--- Data for review Enclosed Below ---

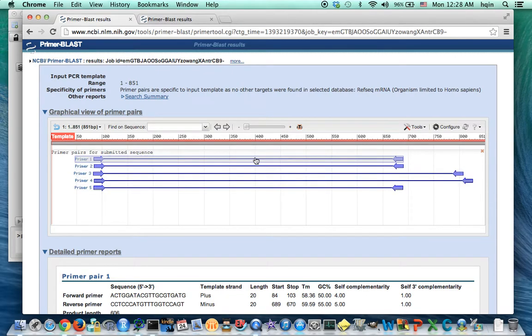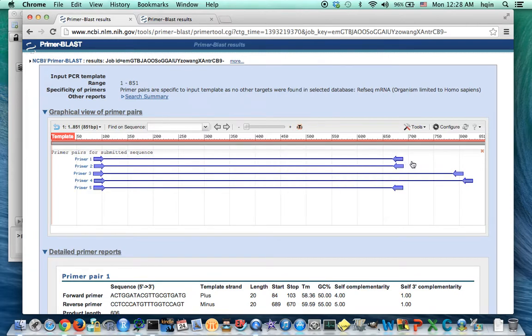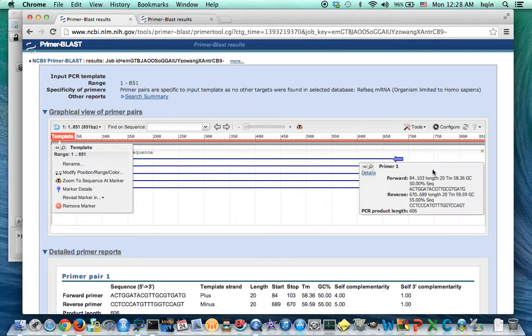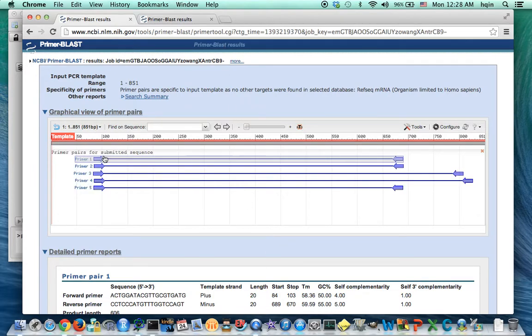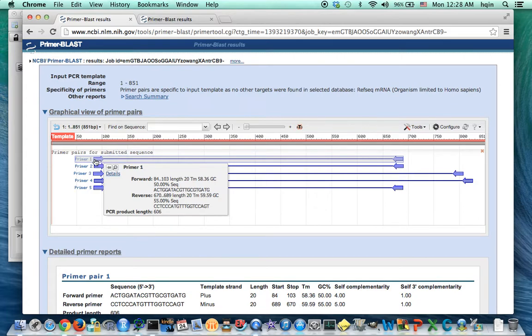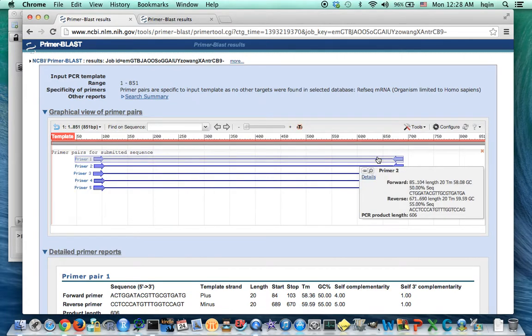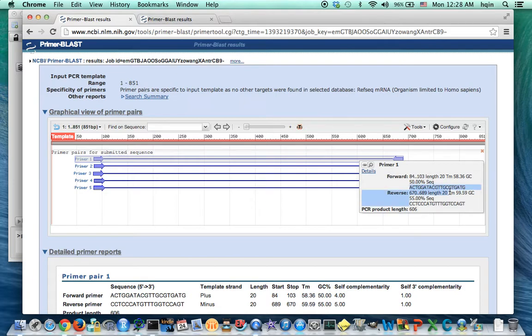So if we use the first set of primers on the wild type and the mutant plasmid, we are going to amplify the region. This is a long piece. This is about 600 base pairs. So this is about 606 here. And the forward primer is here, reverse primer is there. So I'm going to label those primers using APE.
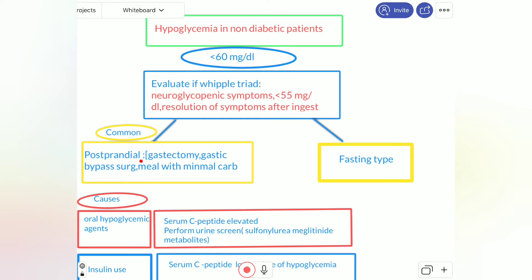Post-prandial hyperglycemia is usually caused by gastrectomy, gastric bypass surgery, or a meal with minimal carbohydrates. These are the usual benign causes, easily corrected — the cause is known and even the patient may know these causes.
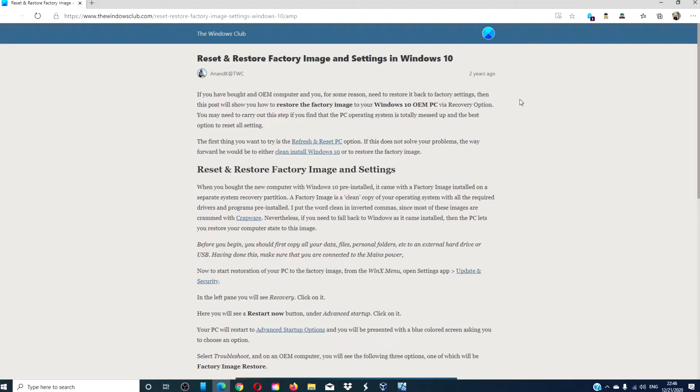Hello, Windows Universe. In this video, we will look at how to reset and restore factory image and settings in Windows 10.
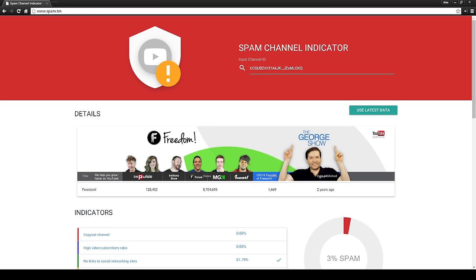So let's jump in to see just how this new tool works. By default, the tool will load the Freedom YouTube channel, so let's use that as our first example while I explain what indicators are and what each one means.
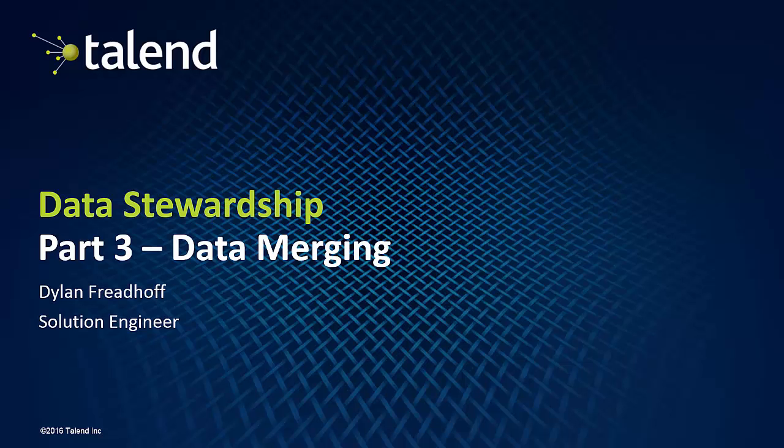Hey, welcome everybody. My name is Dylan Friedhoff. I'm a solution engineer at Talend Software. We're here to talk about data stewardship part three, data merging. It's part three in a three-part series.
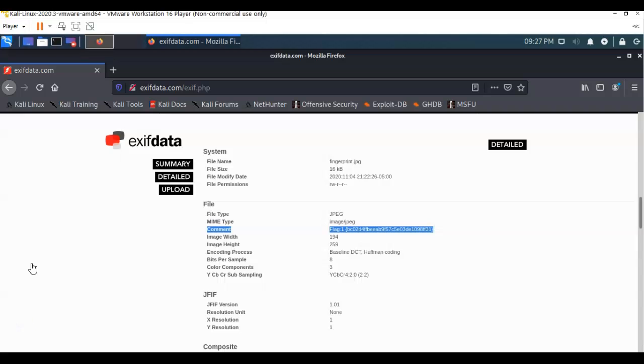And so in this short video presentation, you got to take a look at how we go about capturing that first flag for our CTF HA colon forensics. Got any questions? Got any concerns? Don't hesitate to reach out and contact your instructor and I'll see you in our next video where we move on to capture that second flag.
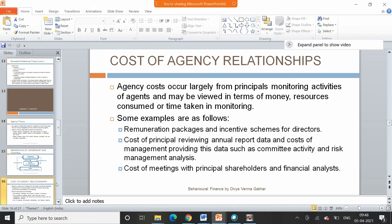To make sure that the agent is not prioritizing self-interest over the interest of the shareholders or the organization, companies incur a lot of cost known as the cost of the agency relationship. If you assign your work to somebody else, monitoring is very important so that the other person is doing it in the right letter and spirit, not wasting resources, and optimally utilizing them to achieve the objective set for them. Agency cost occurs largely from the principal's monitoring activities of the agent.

--- End of Enclosed Data for review ---

- What is expected:
Could you return the entire listing above verbatim while dropping each picture?

- Response area:
So if we use the first set of primers on the wild type and the mutant plasmid, we are going to amplify the region. This is a long piece. This is about 600 base pairs. So this is about 606 here. And the forward primer is here, reverse primer is there. So I'm going to label those primers using APE.
Post-prandial hyperglycemia is usually caused by gastrectomy, gastric bypass surgery, or a meal with minimal carbohydrates. These are the usual benign causes, easily corrected — the cause is known and even the patient may know these causes.
Hello, Windows Universe. In this video, we will look at how to reset and restore factory image and settings in Windows 10.
So let's jump in to see just how this new tool works. By default, the tool will load the Freedom YouTube channel, so let's use that as our first example while I explain what indicators are and what each one means.
Hey, welcome everybody. My name is Dylan Friedhoff. I'm a solution engineer at Talend Software. We're here to talk about data stewardship part three, data merging. It's part three in a three-part series.
And so in this short video presentation, you got to take a look at how we go about capturing that first flag for our CTF HA colon forensics. Got any questions? Got any concerns? Don't hesitate to reach out and contact your instructor and I'll see you in our next video where we move on to capture that second flag.
To make sure that the agent is not prioritizing self-interest over the interest of the shareholders or the organization, companies incur a lot of cost known as the cost of the agency relationship. If you assign your work to somebody else, monitoring is very important so that the other person is doing it in the right letter and spirit, not wasting resources, and optimally utilizing them to achieve the objective set for them. Agency cost occurs largely from the principal's monitoring activities of the agent.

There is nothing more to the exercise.